The result is the exact lines from the one containing "OH license plate GDZ6784" through the final line of the entries; leave out the pictures.

(Beginning of Data excerpts)

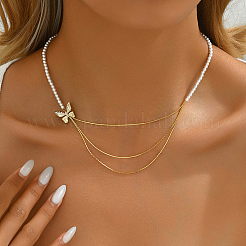 Elegant Brass Enamel Butterfly Imitation Pearl Three Layers Necklaces for Women&nbsp;AF5436-1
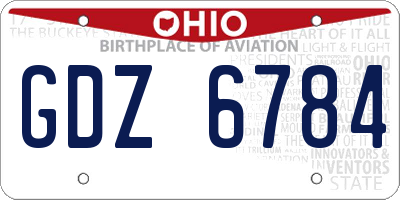OH license plate GDZ6784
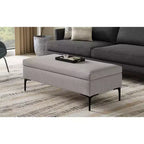 Lilah Tavolino da Caffè Rettangolare Grande da 122 cm Stile Moderno di Metà Secolo con Pouf Contenitore e Coperchio Sollevabile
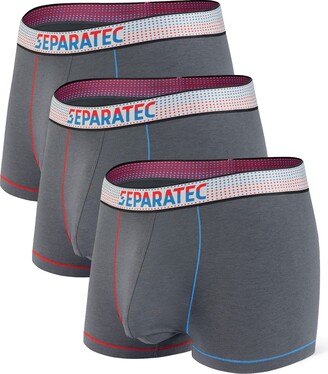 Separatec Men's Sport Boxers Dry Fastly Stretch Performance Underwear  Trunks Dual Pouch Fly 3 Pack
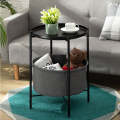 End Table with Detachable Tray Top and Fabric Storage Basket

(End of Data excerpts)

● **Problem solution**
OH license plate GDZ6784
 Lilah Tavolino da Caffè Rettangolare Grande da 122 cm Stile Moderno di Metà Secolo con Pouf Contenitore e Coperchio Sollevabile
 Separatec Men's Sport Boxers Dry Fastly Stretch Performance Underwear  Trunks Dual Pouch Fly 3 Pack
 End Table with Detachable Tray Top and Fabric Storage Basket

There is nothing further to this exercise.